Secondly, the question of how much does a written constitution limit it. I’d say not much BTW. It is the unreported and secretive lobbying by vested interests that both limits the power and directs it in less than desirable ways.
I can’t see anything much to object to in the Icelandic constitution with its 79 articles. Most of them are quite bland such as there being a requirement for the President to live close to Reykjavik. It’s fair enough to have it in the constitution that elections have to be held every so many number of years and that everyone has the right to a fair trial etc but how does this limit the power of governments? We seem to manage on both counts without one.

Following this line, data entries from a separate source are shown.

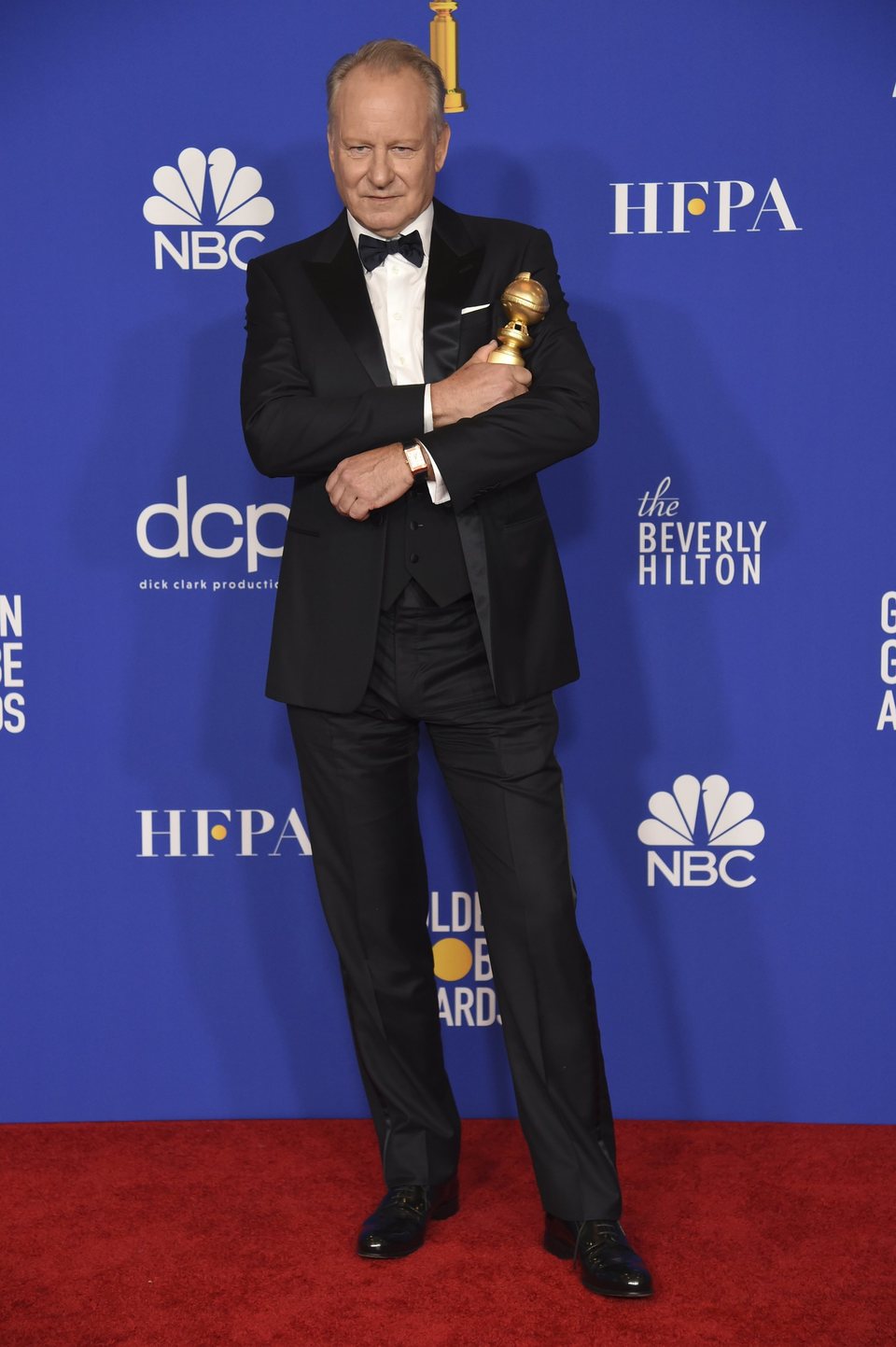 Stellan Skarsgård posa con su Globo de Oro por 'Chernobyl'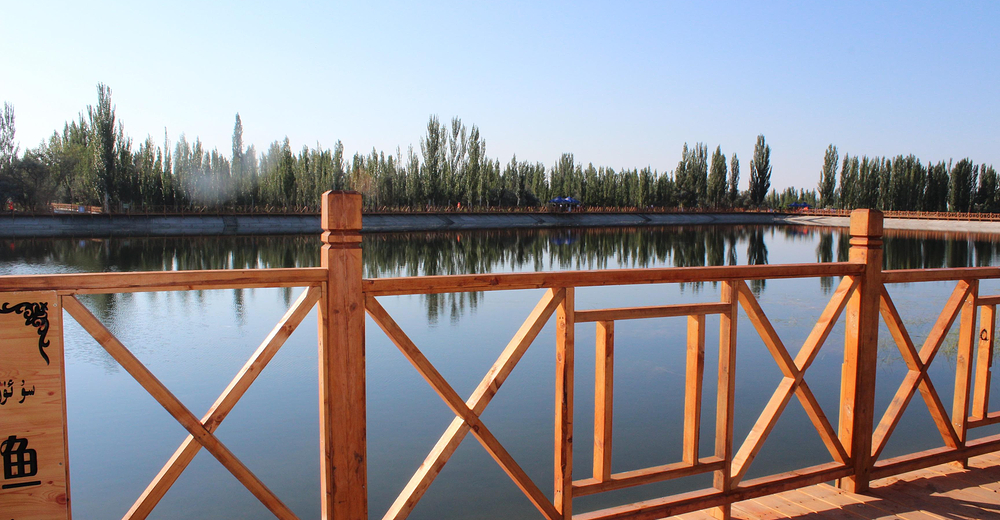 包含景点: 哈密市哈密瓜园 去哪儿价                  暂无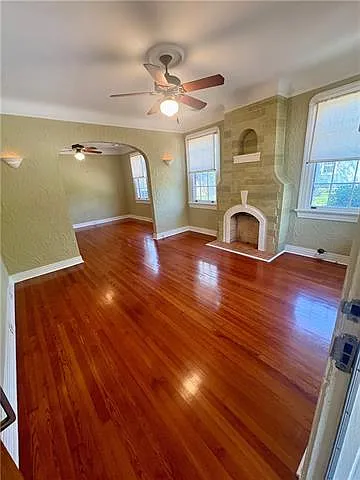 1 bed, 1.0 bath, 885 sqft, $1,300 — Photo 2
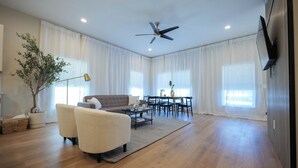 Smart TV, ping pong, offices - New Home, Walk to Clinic, Private Patio & Hot Tub! (Cleveland)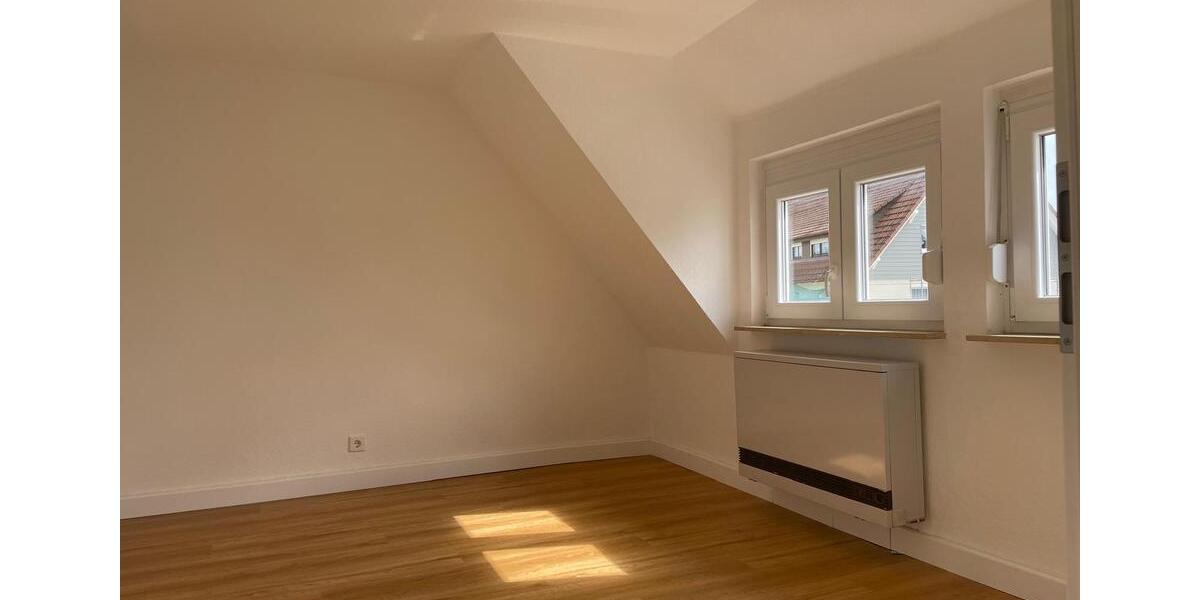 Etagenwohnung Eschbronn - 3 Zimmer, 67 m&sup2;, 580&euro; | Angebot:26588277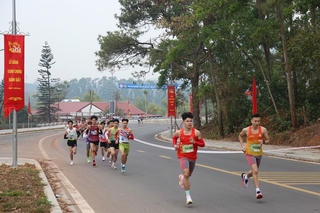 Gần 2.000 vận động viên tham gia giải chạy marathon 'Côn Sơn, Kiếp Bạc - Hành trình kết nối di sản văn hóa'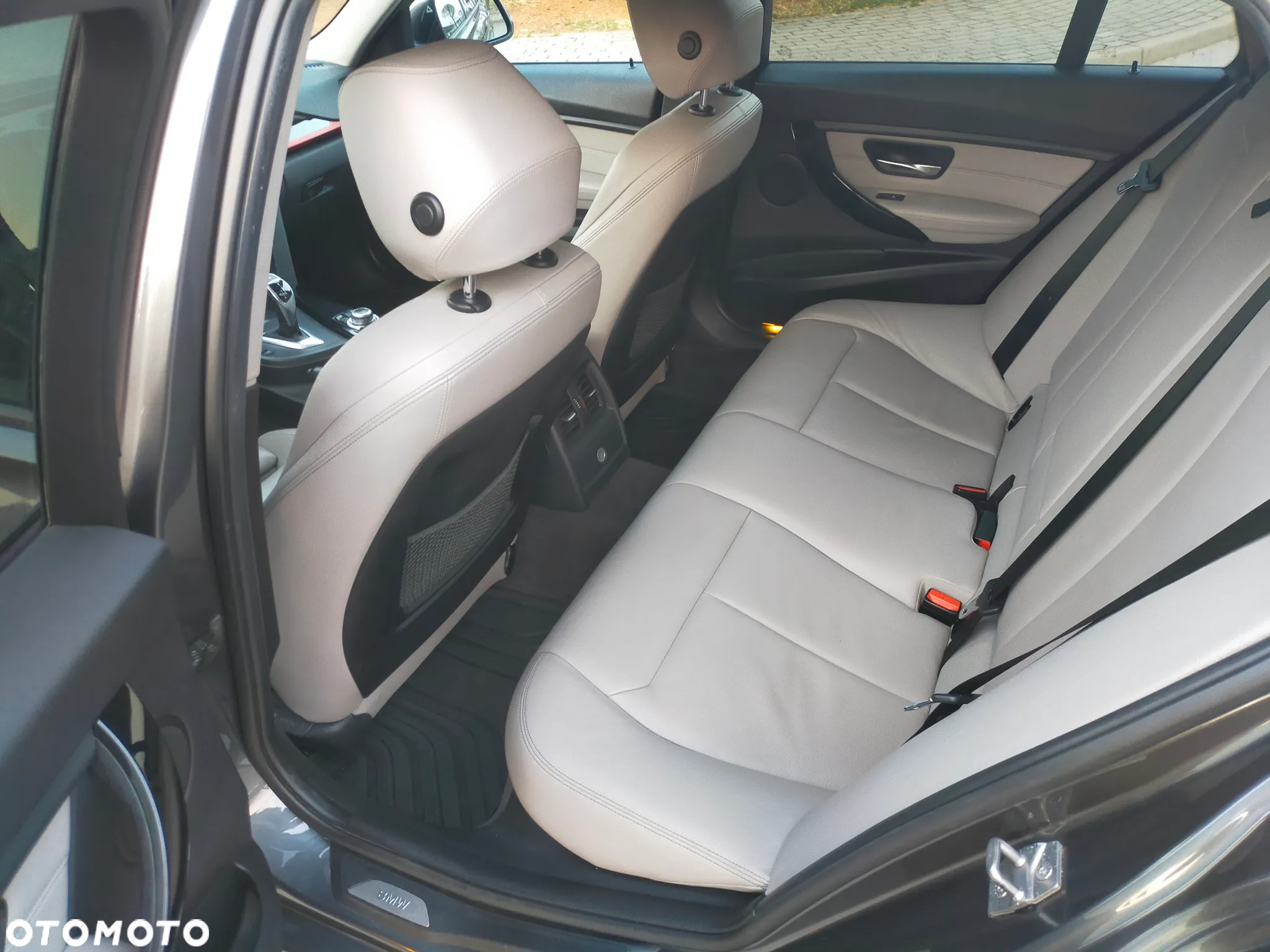 BMW Seria 3 330d Sport Line - 27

The first article in their constitution is: “Iceland is a Republic with a parliamentary government ”
What would ours be? Would we ever be able to agree and get on to article 2?
@Peter Martin
For heaven’s sake, Peter, stop it. You’re not engaging with the substance of Mick’s and my point.
You said “Even if we did, any Government would have the power to suspend , modify, or even abolish it”
And both Mick and I pointed out that, because of the rules around changing most constitutions, it’s not “any Government” at all, or even most, because it is unusual for a government to have a supermajority.
And then you said ” it’s not really possible to change [the power of governments]” and I pointed out that Donald Trump has, very recently, be told he doesn’t have a power he was trying to exercise, so it clearly is possible.
And then you started talking some irrelevant point about how Iceland’s successful prosecution of some bankers was a counter-example, even though Iceland has a written constitution and didn’t suspend, amend, or abolish it to do so.
You are right that secretive lobbying by vested interests is a problem. But that is not relevant to your original point regarding constitutions. You’ve not so much moved the goalposts as changed to playing basketball. Give over.
(also, none of this is much to do with cooperative housing, I note)
@Daniel, OK I agree this isn’t the right thread to discuss the question of a constitutions for the UK. We should stop.
It might make an interesting OP for you or someone else to write though!